A Organização Mundial da Saúde estima que por dia são submetidas à mutilação genital feminina 8.000 crianças. Tudo em nome da religião e da tradição.
É o que trata o filme flor do deserto, a história verídica de Waris Dirie, nascida na Somália em 1965 no seio de uma tribo de pastores nómadas, que aos 5 anos foi submetida à excisão feminina, aos 13 anos vendida pela família para casar com um homem de 60 anos, aos 18 anos supermodelo internacional e, mais tarde, em 1997, foi nomeada pelo então Secretário-Geral da ONU, Kofi Annan, embaixadora especial da ONU para os direitos das mulheres em África. Uma mulher que transformou a sua vulnerabilidade em força e poder.
Waris significa em somali “flor do deserto”, uma forma de vida que brota e resiste na aridez, como que desafiando as dificuldades impostas pela natureza. Uma criança que cresce e luta pela vida a cada dia numa infância muito pobre, mas ao mesmo tempo feliz e despreocupada, até ao dia em que chegou a sua vez de ser submetida ao costume imposto à maioria das meninas somalis: a mutilação genital. Quando, já com 13 anos, descobre que o seu pai pretende negociá-la com um desconhecido em troca de 5 camelos, contrariando todas as probabilidades, Waris foge com uma extraordinária determinação, atravessando a pé, sozinha, o deserto somali durante vários dias. Consegue chegar a Mogadíscio, capital da Somália, de onde, com a ajuda de familiares, parte para Londres.
Em Inglaterra, com poucos conhecimentos da língua inglesa, sem dinheiro e sem-abrigo, como aquela flor que insiste em sobreviver no meio do deserto, Waris conhece uma extrovertida vendedora que lhe dá abrigo e, acima de tudo, carinho e amizade. A bonita jovem da Somália trabalha no MacDonald’s onde o famoso fotógrafo de moda Terry Donaldson a descobre.
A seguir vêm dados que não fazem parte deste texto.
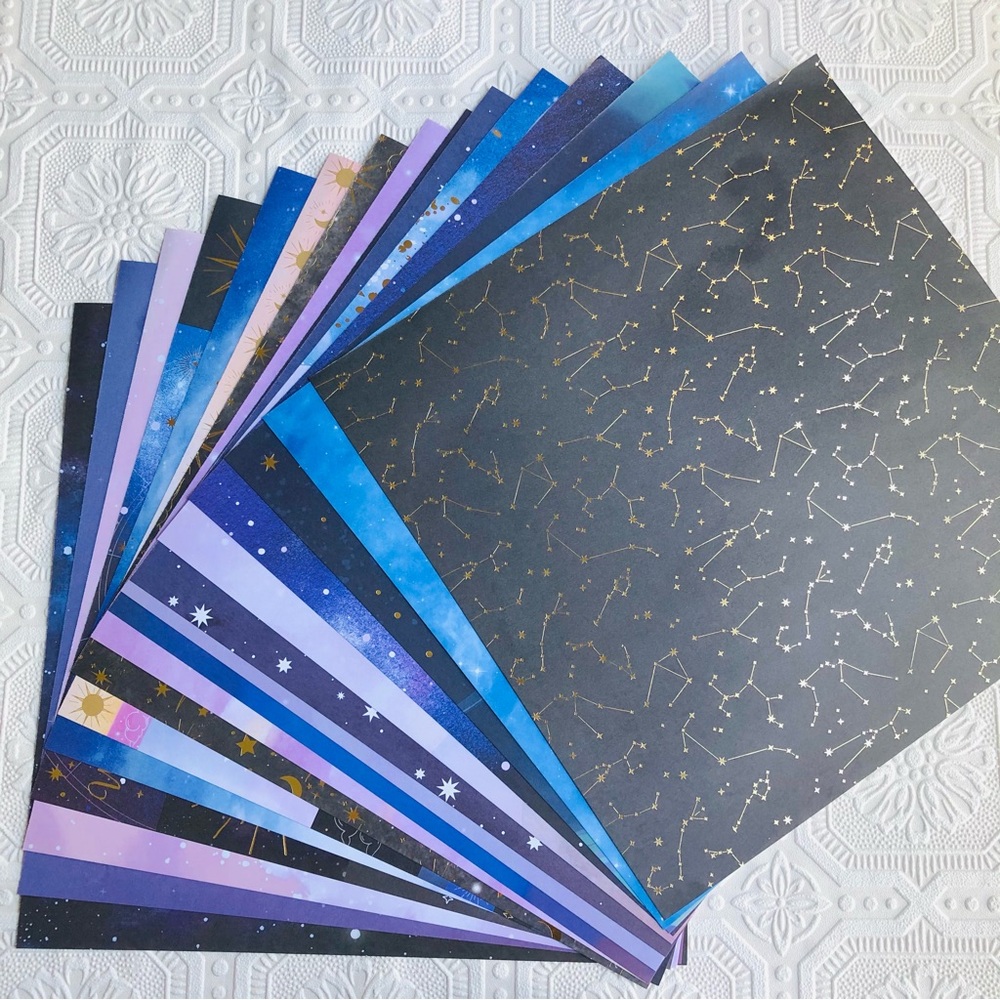 Celestial Skies Paper Destash Sheets 16 ct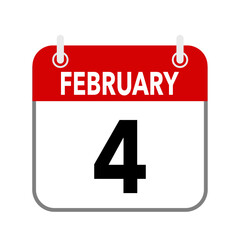 4 February, calendar date icon on white background.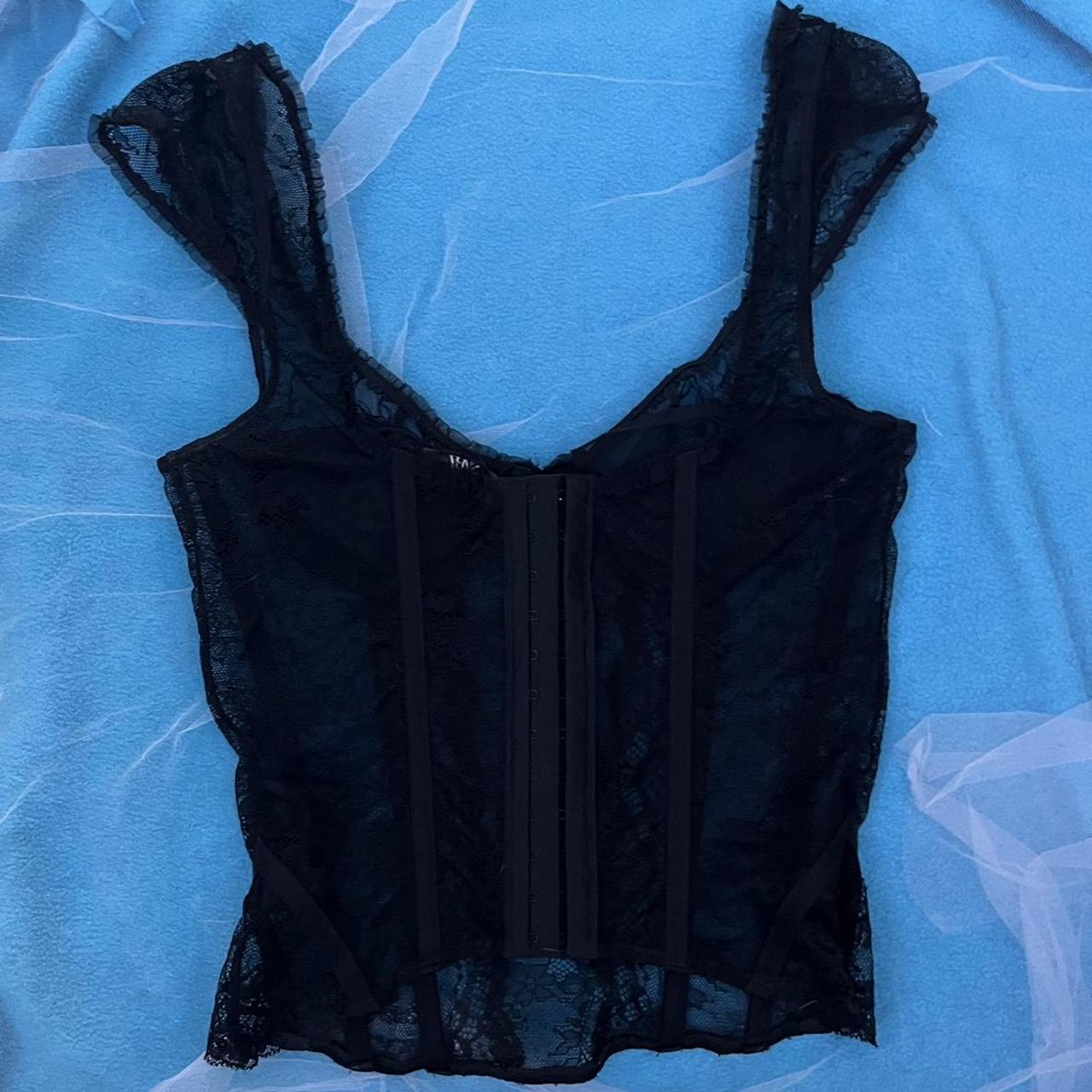 ZARA lace underlined bustier corset style top Brand - Depop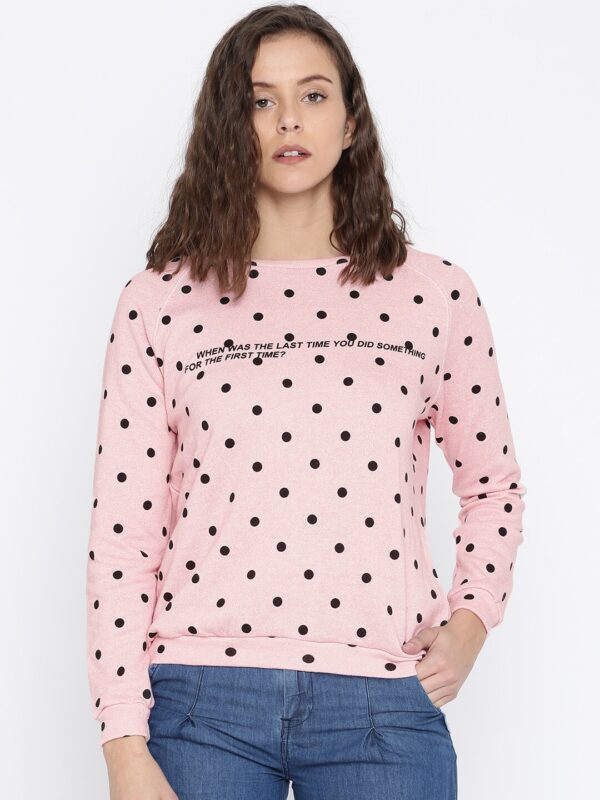 Ginger by Lifestyle Women Pink  Black Printed Sweatshirt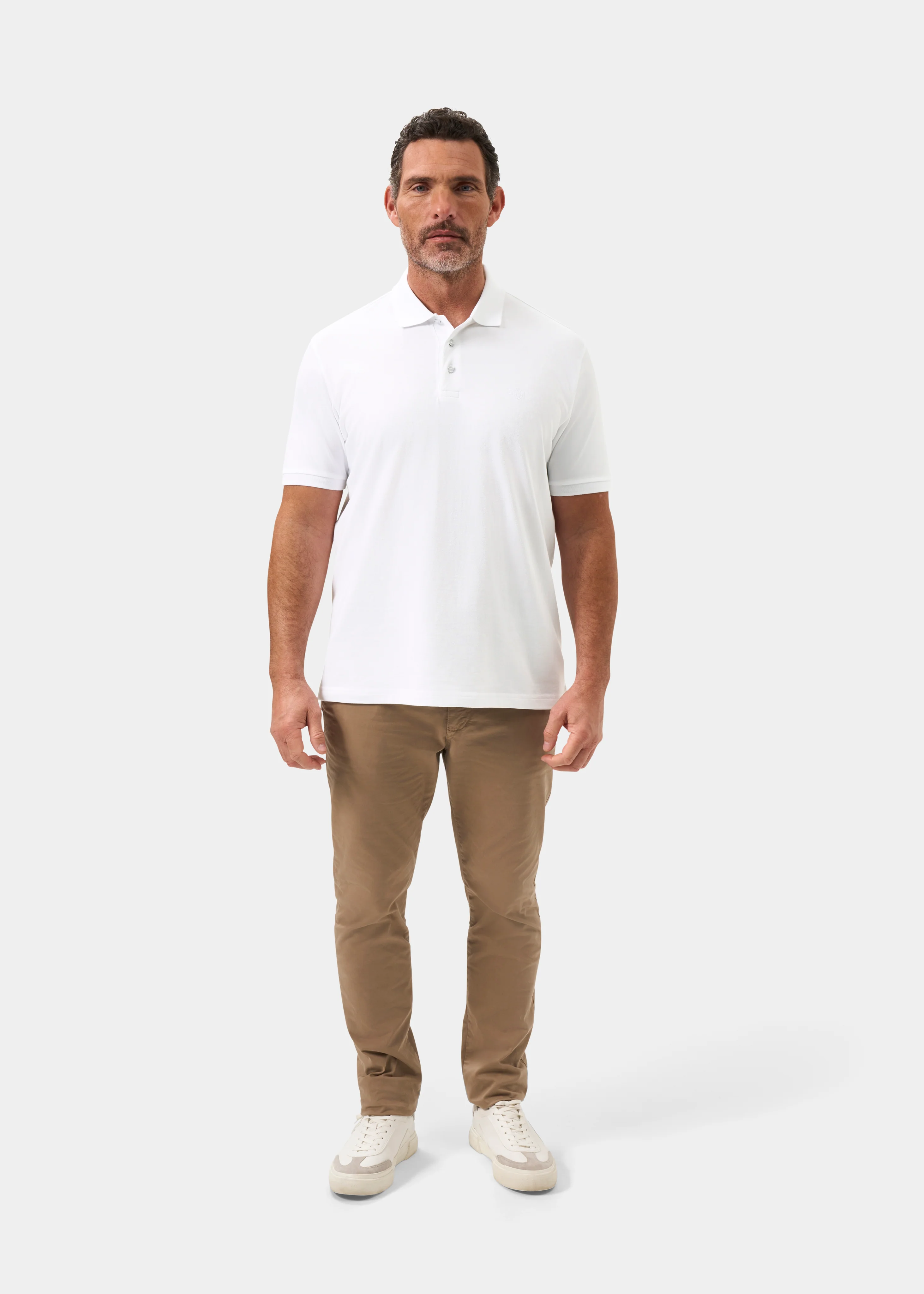 Fritton Pique Polo Shirt In White - Image 4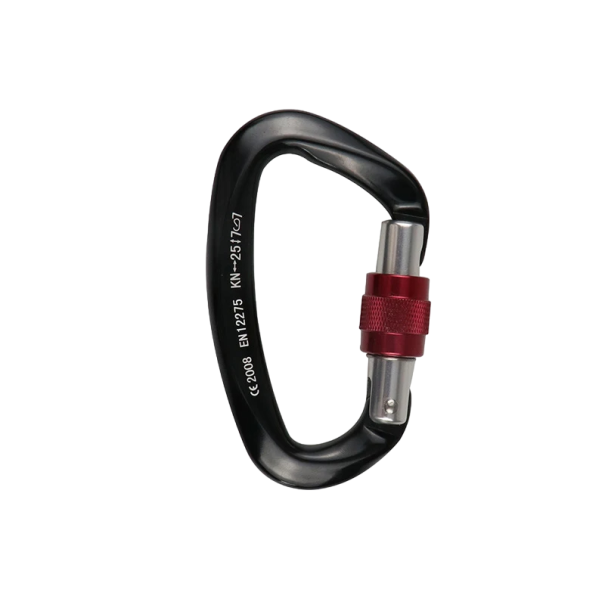 Professzionális hegymászó karabiner 25 kN D típusú karabiner 10 x 5,6 cm fekete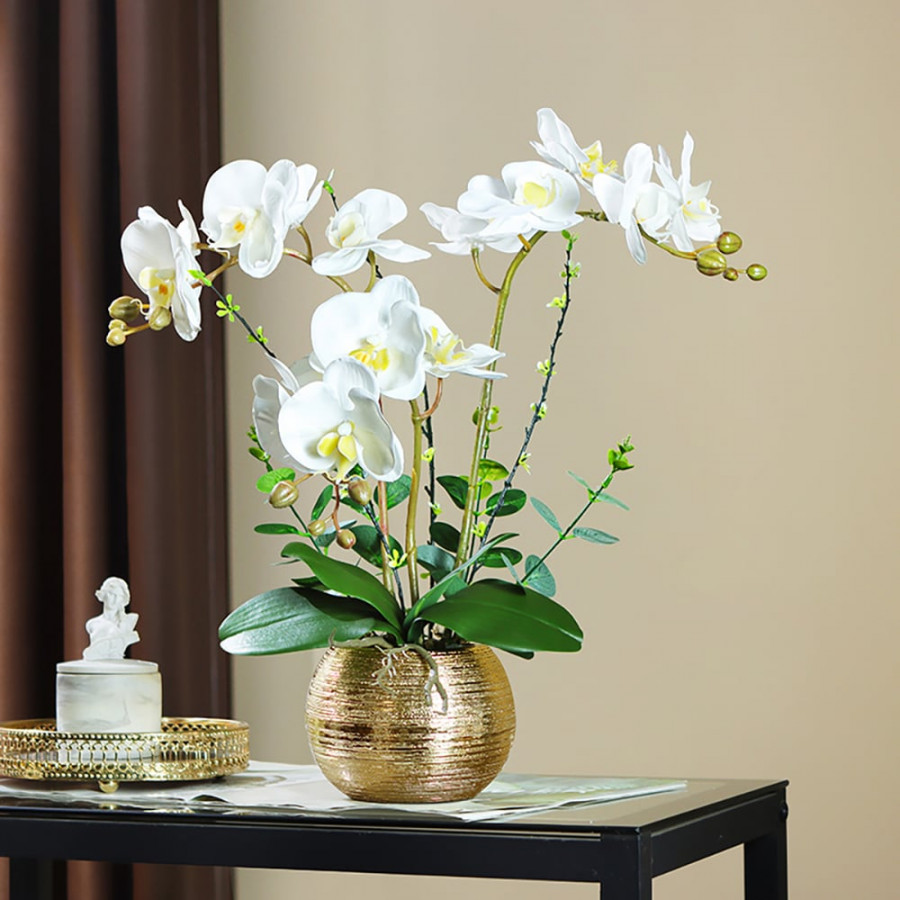 HMR - Artificial Flower Realistic White Orchids in Vase Set Gold Brushed Ceramic Flower Pots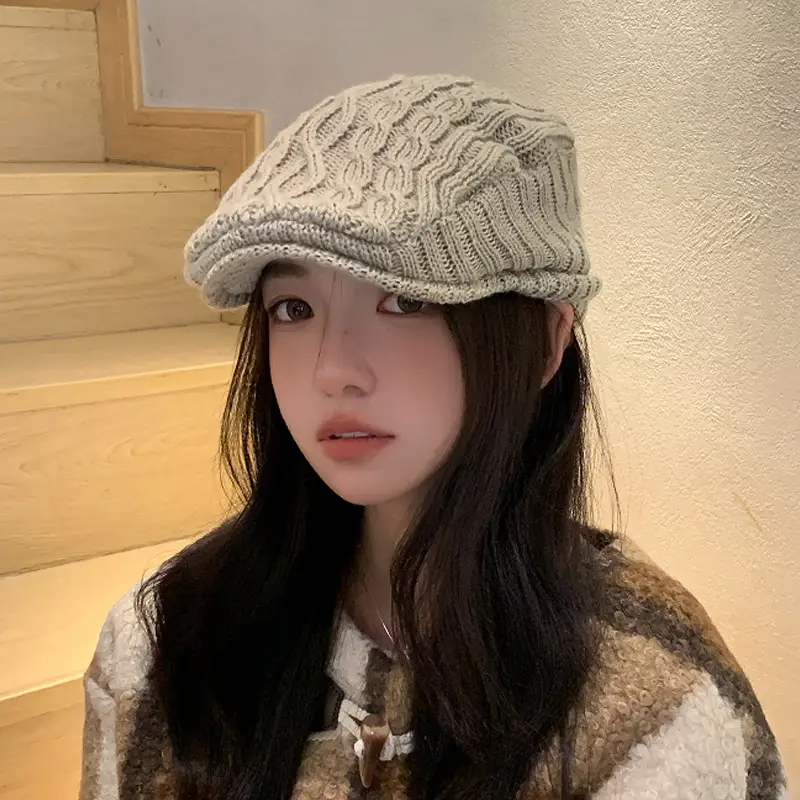 Women Knitted Wool Hat Winter Warm Ear Protection Beret - Image 7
A partir daí, a vida de Waris muda radicalmente, transformando-se numa supermodelo internacional cuja história é tão arrebatadora como a sua beleza.
No auge da sua carreira, e depois de encontrar coragem, Waris dá uma entrevista na qual torna público este facto traumatizante da sua vida. “É tarde demais para mudar as minhas próprias circunstâncias, o dano já foi feito; mas talvez eu possa ajudar a salvar outra pessoa”, explica. Mais tarde, Waris é convidada para ser embaixadora especial da ONU, colaborando na luta pela erradicação da mutilação genital feminina.
Waris faz questão de afirmar o orgulho que sente no seu país, na sua cultura e na sua família, não culpando a sua mãe por tê-la segurado em cima de uma pedra enquanto uma mulher a mutilava sem quaisquer condições de higiene, num procedimento que levou tantas meninas à morte. Desculpa o seu pai, porque este não tinha consciência do sofrimento que infligiu sobre ela. Mas realça que tais práticas culturais não precisam de permanecer sob o pretexto de manter as tradições. “Assim como sabemos hoje que podemos evitar doenças e morte com vacinação, sabemos que as mulheres não são animais com o cio e que a sua lealdade tem que ser conquistada com confiança e afecto, ao invés de rituais bárbaros. Já chegou o tempo de deixar as antigas formas de sofrimento para trás”, diz Waris, fundadora da Desert Flower Foundation.
Esta temática tão séria e grave merecia ser mais aprofundada e defendida, já para não falar de evidências que dariam ao filme maior consistência. É por isso que o considero superficial, contrariamente ao livro com o mesmo nome, que foi um best-seller mundial. A história de Waris Dirie merecia mais. Mas mesmo assim, recomendo-o.